Why this exists
The project exists to prove that applied AI can be designed as a reliable workflow rather than a set of disconnected demos. It answers how extraction, validation, RAG, an agent, memory, human review, evaluation, observability, and governance work together around one claim.
- Intake creates durable source data.
- Validation creates the workflow boundary.
- RAG supplies current policy evidence.
- Memory supplies safe historical workflow guidance.
- Human review owns approval or rejection.
RAG architecture
Coverage reasoning is grounded in policy evidence.

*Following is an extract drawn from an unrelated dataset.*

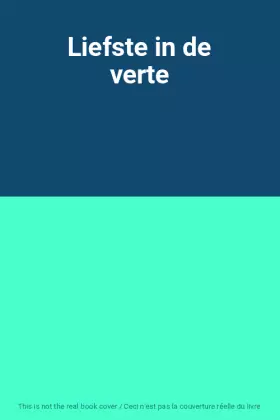 Couverture du produit · Liefste in de verte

The system loads a synthetic policy corpus, parses it into clause-level chunks, embeds them, stores them in Postgres with pgvector, retrieves relevant clauses, verifies citation support, and persists the coverage question.
- Clause-level chunks make policy references auditable.
- Claim-aware query planning expands generic questions with claim context.
- Weak retrieval or unsupported citations force the answer back to review.
Agent architecture
The agent is not an open-ended autonomous loop. It is a controlled single-step tool-calling workflow. Backend state is loaded first, deterministic routing handles obvious states, and the model can propose exactly one registered tool call.
- The model proposes; guardrails decide; backend tools execute.
- Unsafe actions such as approve, reject, send email, delete, or bypass review are blocked.
- Every proposal, guardrail decision, and execution result is logged.
Memory architecture
Memory stores reusable workflow lessons from trusted outcomes. It can guide caution or routing, but it is not claim evidence and cannot copy old claim facts into the current claim.
- WorkflowMemory stores reusable memory cards.
- MemoryHit records why memory matched a run.
- MemoryUpdate tracks creation, strengthening, weakening, retirement, and supersession.
Evaluation and observability
The AI gateway records model-backed calls with trace IDs, model metadata, prompt/schema versions, latency, token usage, cost, status, and failure classes. Evals test behavior across extraction, validation, review, RAG, agent guardrails, memory, and gateway observability.
- Trace dashboards reconstruct one claim from intake to outcome.
- Eval dashboards test controlled success, failure, refusal, guardrail, and observability scenarios.
- Gateway logs turn model calls into auditable workflow events.